──────── DATA SUPPLIED

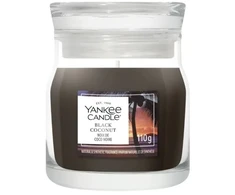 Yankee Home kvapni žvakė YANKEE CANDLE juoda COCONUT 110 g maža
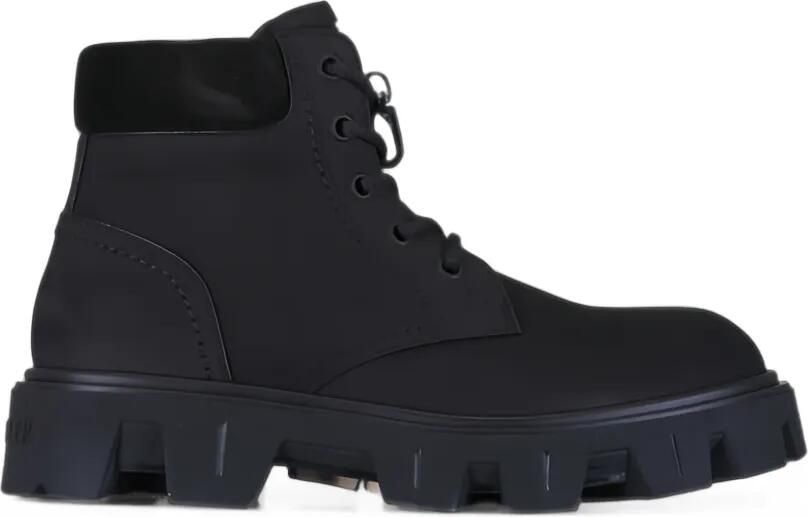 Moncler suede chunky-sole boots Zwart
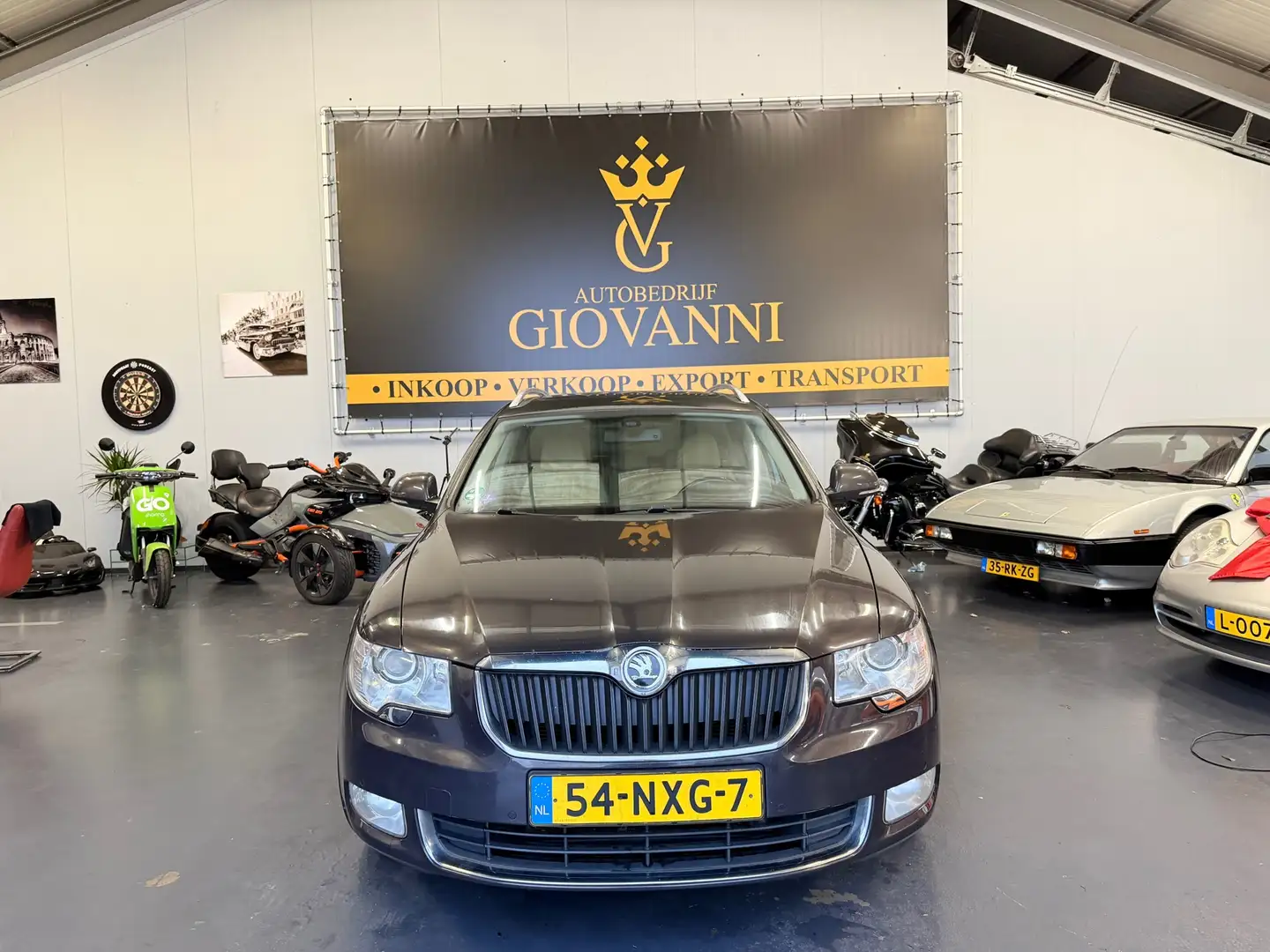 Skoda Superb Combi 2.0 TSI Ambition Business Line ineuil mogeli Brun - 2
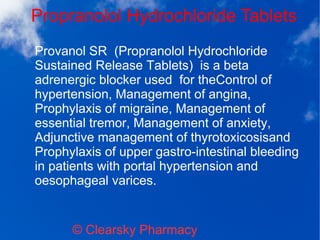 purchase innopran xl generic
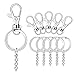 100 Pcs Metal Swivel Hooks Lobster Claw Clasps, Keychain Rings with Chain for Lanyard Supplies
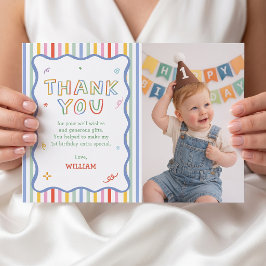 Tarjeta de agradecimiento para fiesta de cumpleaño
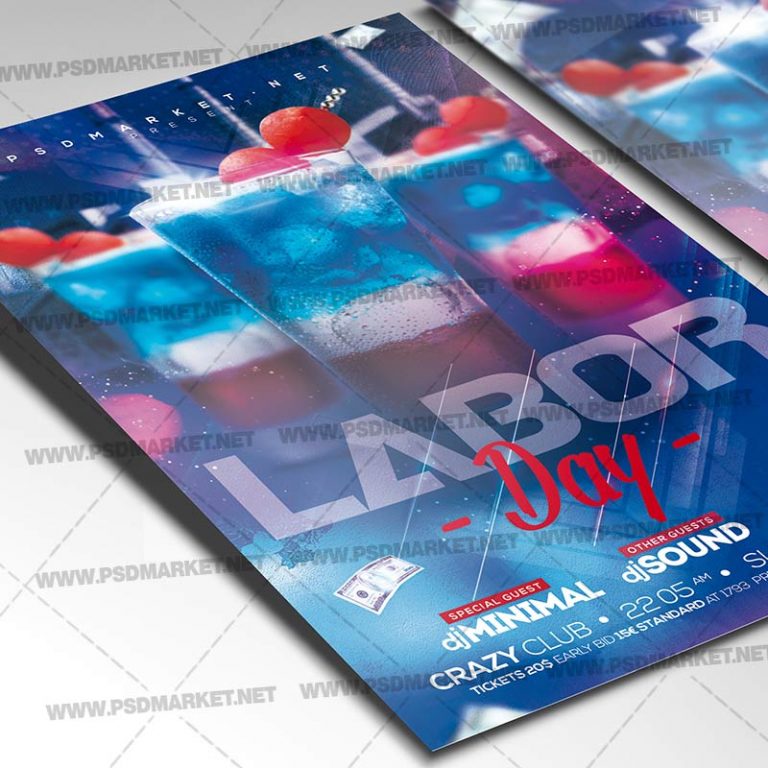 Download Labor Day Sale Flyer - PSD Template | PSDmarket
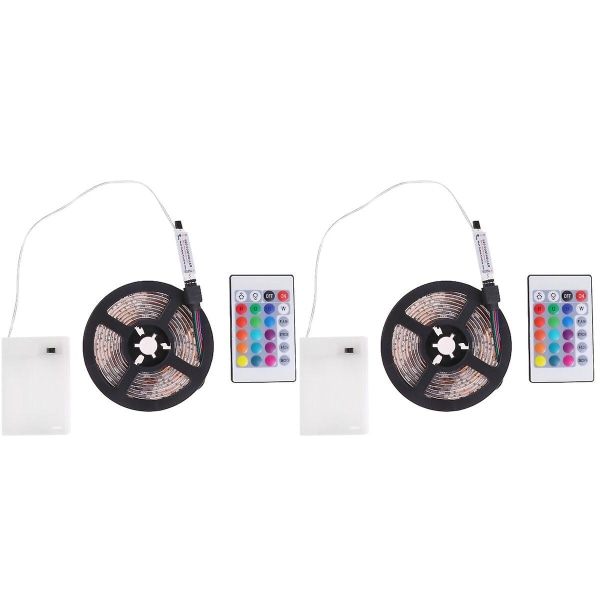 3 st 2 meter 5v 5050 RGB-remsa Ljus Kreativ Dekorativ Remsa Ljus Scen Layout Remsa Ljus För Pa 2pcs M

────────────────

PROBLEM STATEMENT ▸ If the records contain pictures, skip them, and transcribe exactly every line from the one with "100 Pcs Metal" through the last line.

SOLUTION FOR THIS EXERCISE ▸
 100 Pcs Metal Swivel Hooks Lobster Claw Clasps, Keychain Rings with Chain for Lanyard Supplies
 Tarjeta de agradecimiento para fiesta de cumpleaño
 Download Labor Day Sale Flyer - PSD Template | PSDmarket
 3 st 2 meter 5v 5050 RGB-remsa Ljus Kreativ Dekorativ Remsa Ljus Scen Layout Remsa Ljus För Pa 2pcs M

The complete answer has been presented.